The number of first-generation students at UC San Diego is up 33 percent since 2007 for freshmen and 139 percent for transfers. It's posing a new challenge for the campus — first-generation students are less likely than their peers to graduate. Just over 80 percent of first-generation students in the UC system graduate within six years, compared to 87 percent of their peers.

“Somehow we have to not squash the potential that some student has just because they’re coming from an impoverished neighborhood or a school that may not have 40 (Advanced Placement) courses — there’s only 3 or 4 — and somehow provide them with a playbook and a platform to be just as successful as anyone else,” Patrick said. “Because what do these students have? They have things like grit. They have a real sense of family where they know that they’re being depended on.”

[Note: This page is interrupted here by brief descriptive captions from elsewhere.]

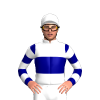 Jockey Silk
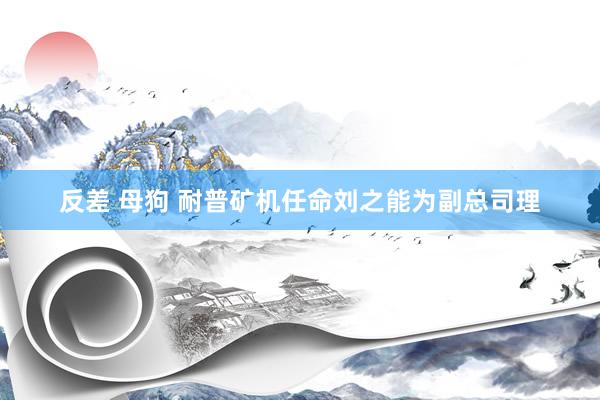 反差 母狗 耐普矿机任命刘之能为副总司理
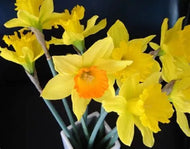 12 Yellow Daffodil Flower Bulbs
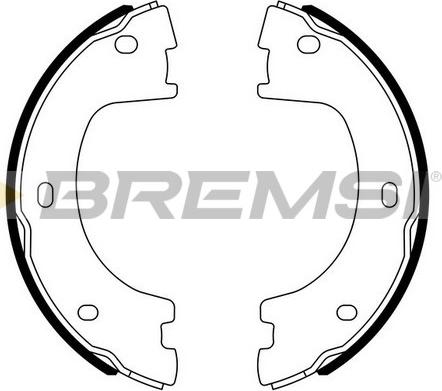 Bremsi GF0560 - Комплект тормозов, ручник, парковка autodif.ru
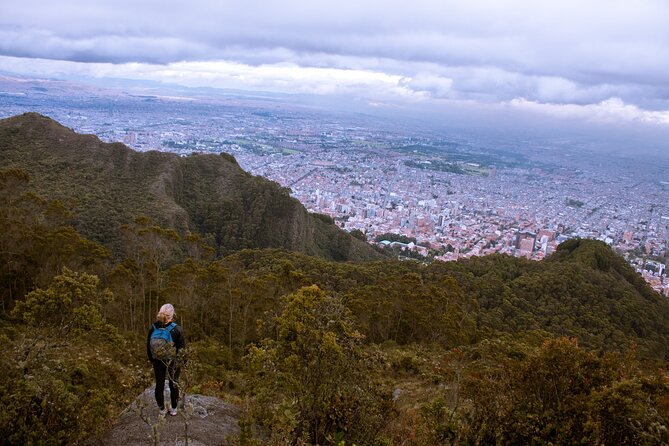 Hike in Bogota's East Hills - Plants, introduced species, and Bogotá’s environmental questions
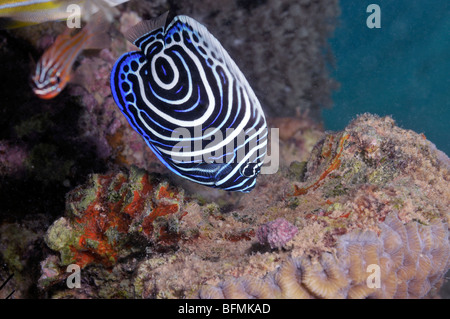 Juvenile Emperor angelfish, Pomacanthus imperator, on coral reef. 'Red Sea' Stock Photo
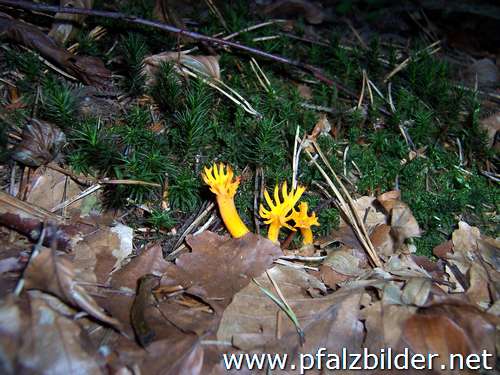 005~Pilze-2005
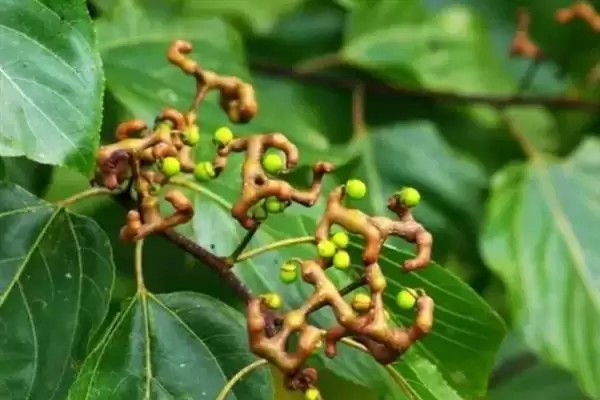 种植拐枣如何管理，抑制主梢疯长原因？插图3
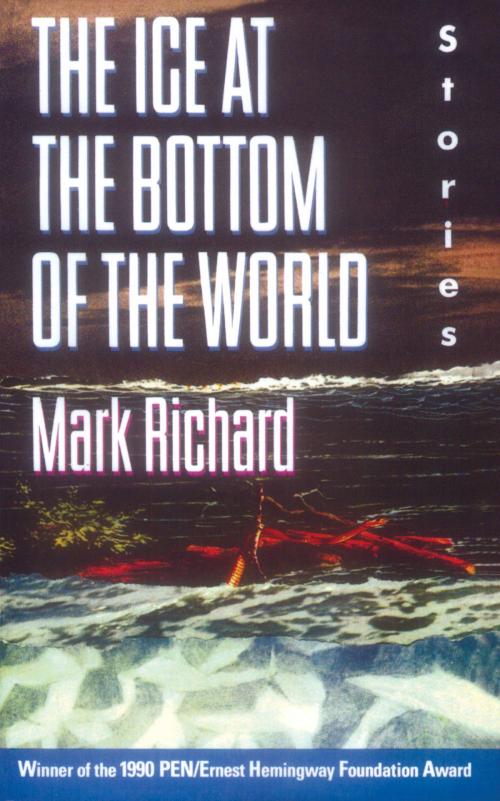 Cover of the book The Ice at the Bottom of the World by Mark Richard, Knopf Doubleday Publishing Group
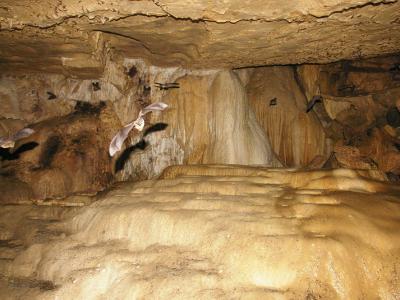Bats in cave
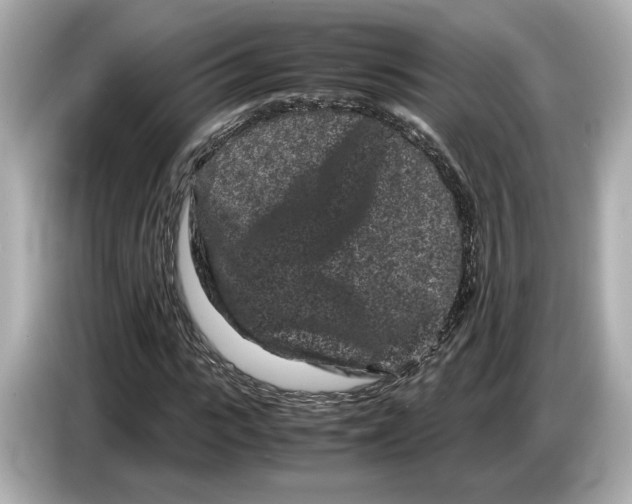 X0000086960919200704301234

Patrick said what made the difference for him was a combination of things.

“Just this interest in learning was fundamental,” said Patrick of his childhood. “If I had not had a true passion for the learning process whatsoever, I would not be on this trajectory.”

He said he also had people in and out of school encouraging him.

“It could have just been things like telling me, ‘You’re pretty smart. You should make sure you don’t waste that,’” Patrick said.

“And my mom (had) me at such a young age, but she was extremely dedicated to me getting a good education,” he said. “In fact she consistently talked about, ‘Gentry, you have to use education. That’s the the only way you’re going to get out of this.’”

Patrick said students also have to be bold in advocating for themselves. He recalled spending an hour pacing in his Berkeley apartment, trying to convince a professor over the phone to let him into a master’s program at UC San Francisco despite sub-par grades.

“I could have just given up and said I guess I’ll try something different, but I assured him that he should give me a shot and he would not regret it,” said Patrick, who got into the program and then went on to Harvard before coming to UC San Diego. “We joke to this day, ‘What if I just said no? Gentry, we wouldn’t be here today.’”

“That’s a great example of someone looking beyond the grades — making sure that the capacity for success is there but looking at all the more salient aspects.”

In addition to his efforts helping students, Patrick is his department’s director of mentorship and diversity. He said he sees his role in the position as encouraging more faculty to reach out like he has.

“I want my colleagues to see that with minimal effort,” Patrick said, “they can make such a big difference in the lives of students.”

Correction: This story originally said Gentry Patrick would participate in a forum at UC San Diego Thursday. He is out of town and will not be at the forum.